We made comfortable small talk and I told him, people like you are one of the reasons I love Chicago. Since I’m writing this, you know the ride ended with me and my groceries intact. That man’s small act of kindness made my day. I think the Lord knew I needed that, some sign that I’m not alone and there’s help.
Currently contemplating a move to Sweden and researching how to get a job there. And a visa. I need to make a big, momentous change in my life to match the unsettled, dissatisfaction I feel. While Chicago is my home, I was also hurt here and it’s haunted with memories of someone (my ex) and there’s this urge to move far, far away and start completely afresh. Maybe a whole new life awaits me in Europe. Something about the Scandinavian countries appeal to me. I used to dream of moving to Iceland or at least doing a global residency there for grad school when I met my ex. Somehow that dream got thrown to the wayside. It’s time I throw myself whole heartedly into any unfulfilled, huge dreams I have. It’s on my bucket list to live abroad one day and why not now?

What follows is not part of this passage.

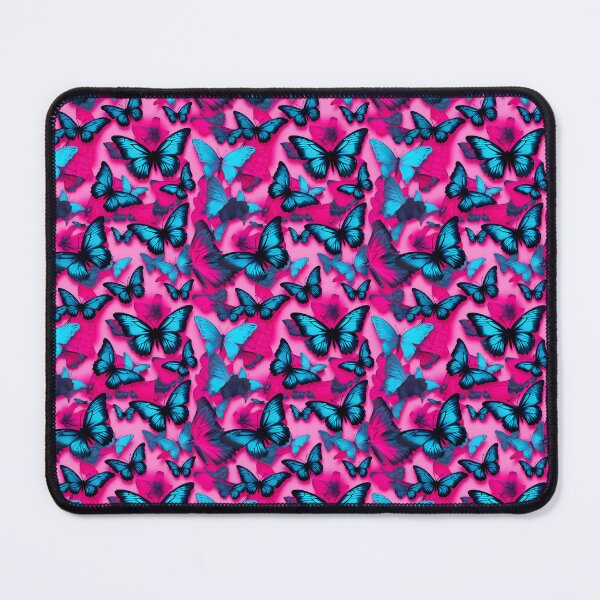 Item preview, Hot Pink and Cyan Butterfly Composite Overlay Pattern #6 designed and sold by ARTficiallyAnon.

Too often my own negative mindset or self doubt holds me back, but the older I’ve gotten the more I’ve realized the truth of if the mind believes it, you can achieve it. I can move to Sweden if I really want to. It’s not that hard. I’d just get a job and start applying for a visa.
Same with any other life change I want to make. It’s easy to conjure up excuses for not doing something. I don’t have time being a big one. But, we make time for what we want to. This week I started making more time by waking up earlier. Now I wake up around 6:50am, 7:15am naturally when I used to struggle to get out of bed after my alarm went off at 8am. I love that I’m waking up without an alarm clock and feeling rested and ready to conquer the day. Next, I’m going to schedule a concrete hour to work on freelance stories after I wake up. Hey, or maybe on job apps in Sweden.